Rachmaninoff wrote four concerti for the instrument, but the middle two, as on this release, are by far the best known (and best loved) of the four. For many years, the 2nd Piano Concerto, largely thanks to its "Full Moon and Empty Arms" theme in the final movement, was more popular with audiences and listeners than the 3rd. But, thanks largely to the dramatized travails of the Australian pianist David Helfgott in the movie "Shine," the race, as it were, is much closer. The 3rd definitely places much higher technical demands on the soloist, and in any event has always been my preference of the two.
Byron Janis, at his prime (as he is in these performances), was one of the finest pianists of his generation. (If the latest generation of classical music listeners is unfamiliar with his abilities, it certainly isn't due to the magnificent support that the Mercury label provided for him through most of those years. More likely, the unfamiliarity is due to a very steep decline in his concertizing activities once he was stricken with psoriatic arthritis in the early '70s.) A prodigious technician, Janis was also able to infuse his playing with finely-honed lyricism when called for; he was definitely not a subscriber to today's "Bang Bang" (or "Clang Clang" if you will) school of pianism. (Interestingly, he was the first private student that Vladimir Horowitz took on [and Horowitz only had a few such students]. While he undoubtedly learned well from Horowitz, I believe that his ability to combine technical prowess with lyricism was innate.)

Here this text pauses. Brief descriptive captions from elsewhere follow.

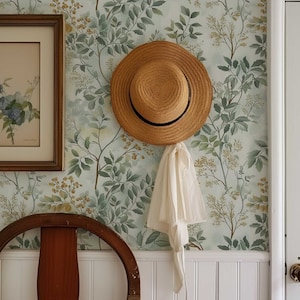 May include: A straw hat hangs on a hook against a wall with a green floral wallpaper. A wooden chair sits in front of the wall.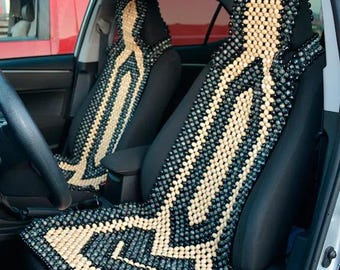 May include: Two wooden bead car seat covers in a black and beige pattern. The covers are made of small wooden beads that are strung together to create a grid pattern. The covers are in a car, and the driver's seat cover is partially visible.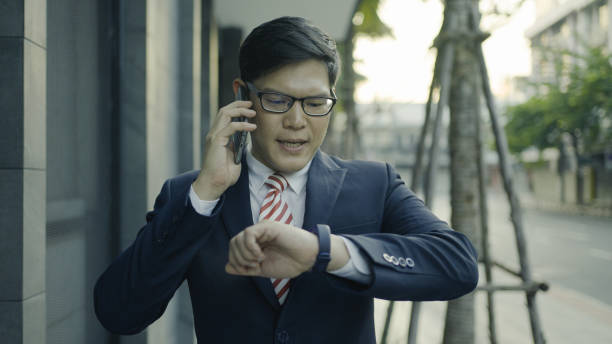 istock Businessman talking on mobile phone checking the time 1335388225
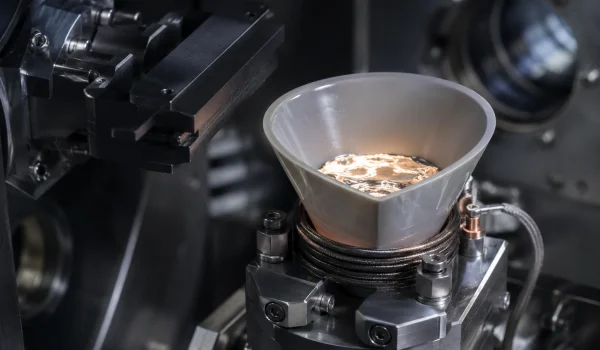 Pyrolytic boron nitride crucible used as an evaporation source in a vacuum deposition chamber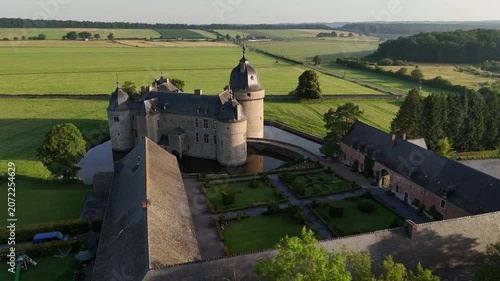 Historic castle Belgium Ardennes aerial view bathed in early morning light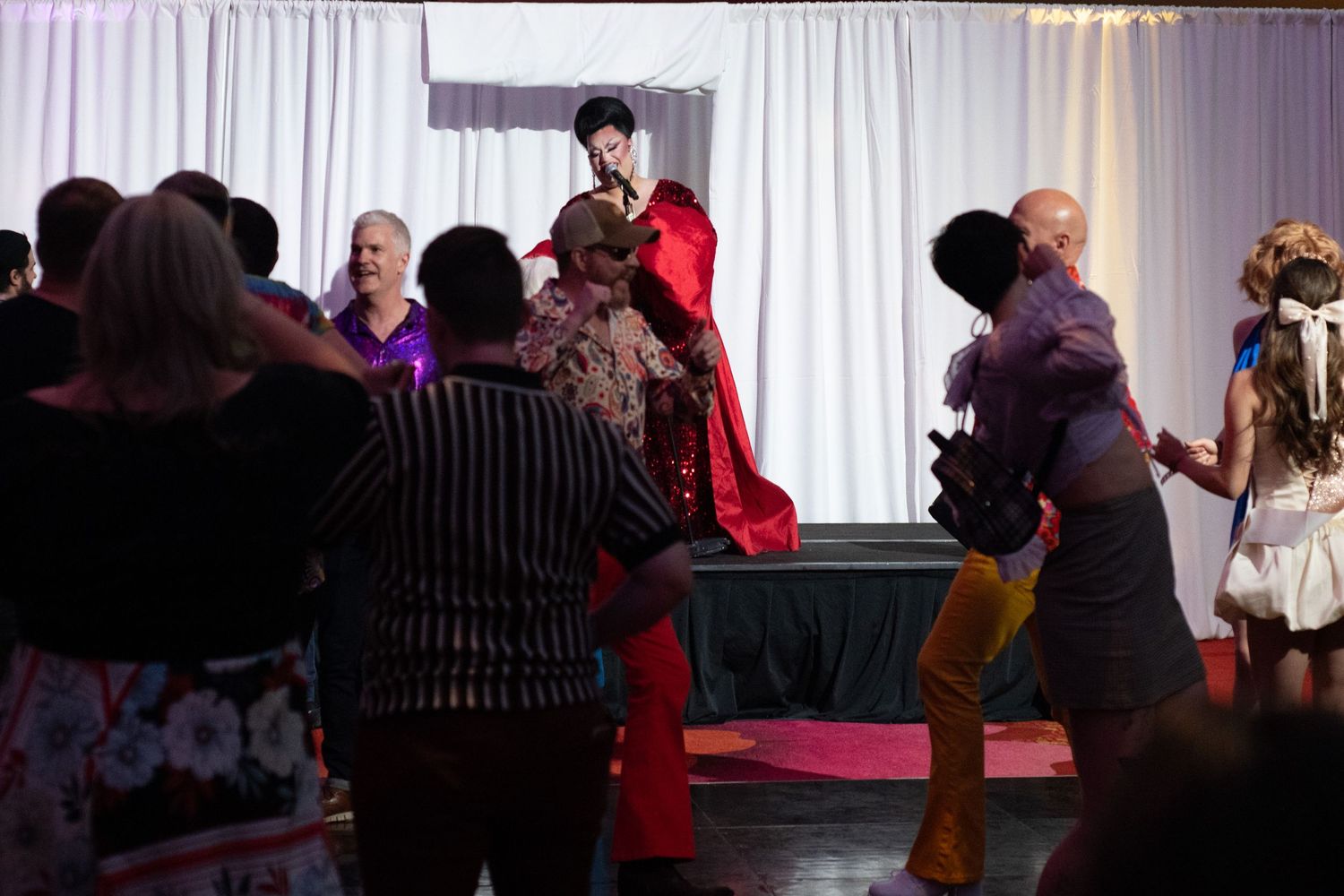 Performers and guests dancing on stage at a colorful theatrical event with dramatic red costume centerpiece.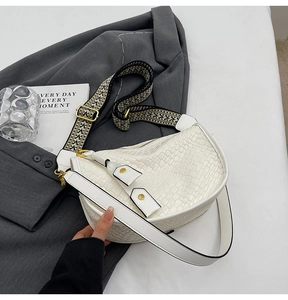 Detail of white half-moon bag featuring woven texture and jacquard woven wide strap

I don't know that there are any better performances of these two popular works. I've heard many (and own a bunch of those I've heard), but when I noticed that Decca/Philips included these performances in their initial hybrid SACD release package, I scarfed up this disc in a heartbeat. The sound, even in just the "redbook" CD layer, is literally like "being there," thanks to the magnificent job that the engineers have done in transferring the master tapes to this new medium. To my ears, it is as if the sessions had been taped last week. To your ears, perhaps, you'll be satisfied that the recording quality lacks nothing as compared with current releases.
Dorati gives Janis warmly detailed and wonderfully played support, from both the Minneapolis Symphony Orchestra (now the Minnesota Orchestra) in the 2nd concerto and the London Symphony Orchestra in the 3rd concerto. Remarkably, there is no discernible difference in either the orchestras' abilities (a tribute to Dorati) or the ambient sound (a tribute to the skilled Mercury team, led by Bob Fine and Wilma Cozart Fine). I could only detect that the LSO had its violas in front of the cellos on the right, and in their more usual seating for the Minneapolis sessions. Beyond that, I doubt anyone could tell the difference.
The album is nicely rounded out with two Rachmaninoff preludes, including the famous Prelude in C-sharp Minor.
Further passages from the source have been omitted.